__EXERCISE__
Keep the text of the data exactly as it is and omit each picture from the copy.

__SUPPLIED MATERIAL__
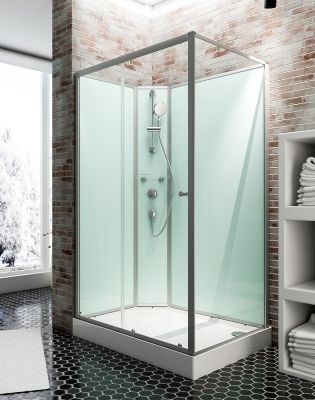 Cabine de douche intégrale rectangulaire, L.120 x l.80 x H.204 cm, porte coulissante réversible, profilé alu-argenté, Schulte Ibiza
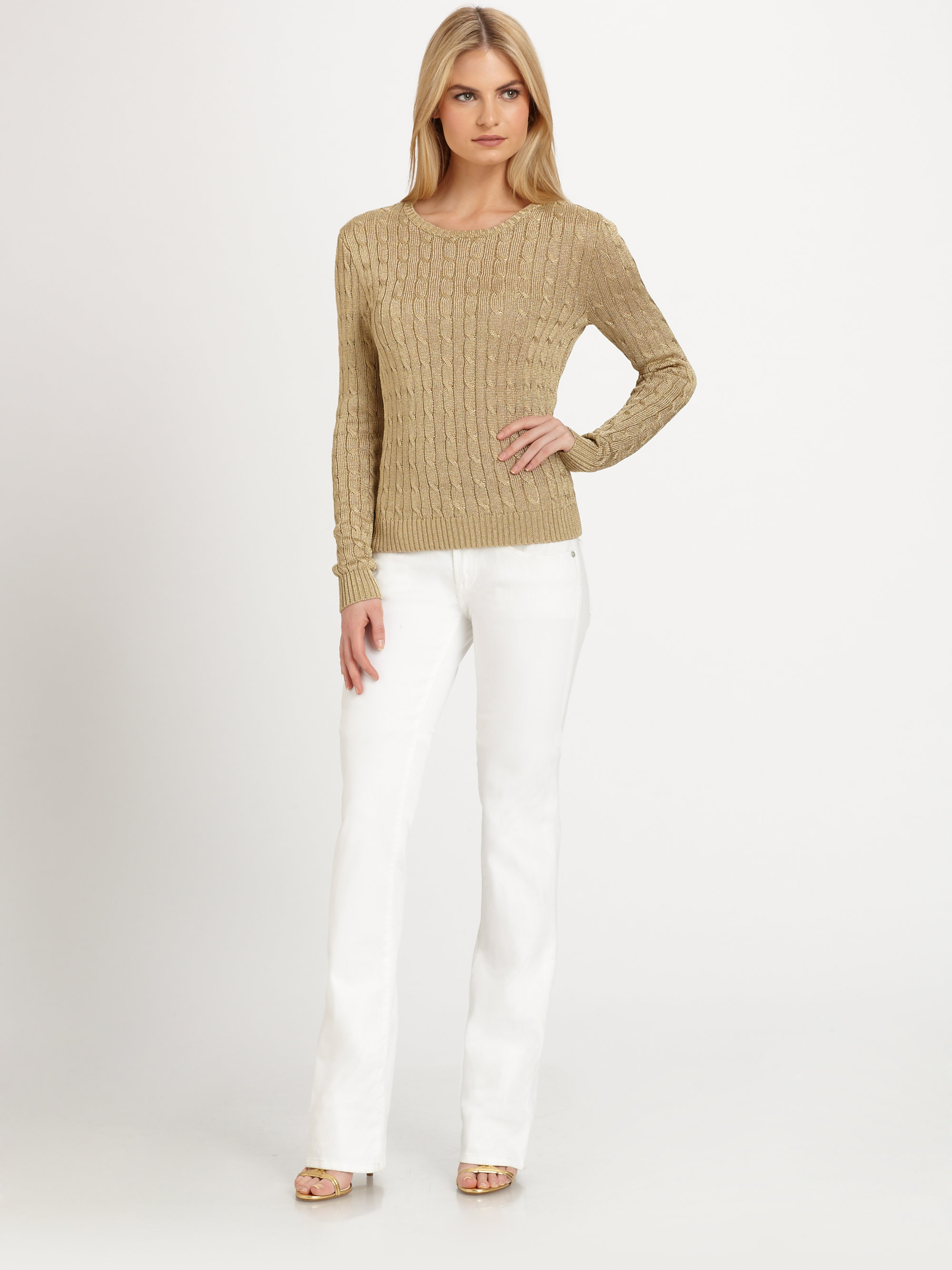 ralph lauren gold metallic sweater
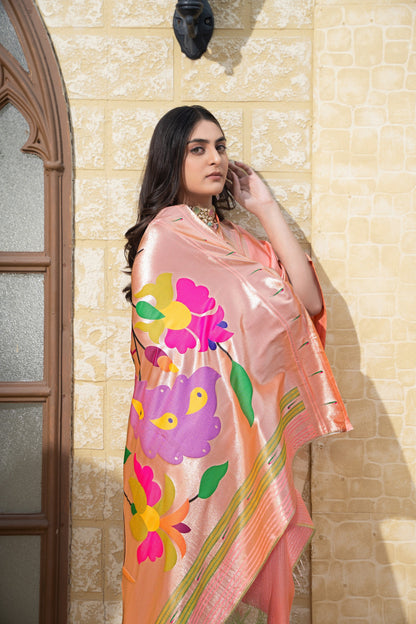 Dhiyona GR Women's Antara Peach Paithani Soft Blended Silk Saree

__THE COMPLETED TASK__
 Cabine de douche intégrale rectangulaire, L.120 x l.80 x H.204 cm, porte coulissante réversible, profilé alu-argenté, Schulte Ibiza
 ralph lauren gold metallic sweater
 Dhiyona GR Women's Antara Peach Paithani Soft Blended Silk Saree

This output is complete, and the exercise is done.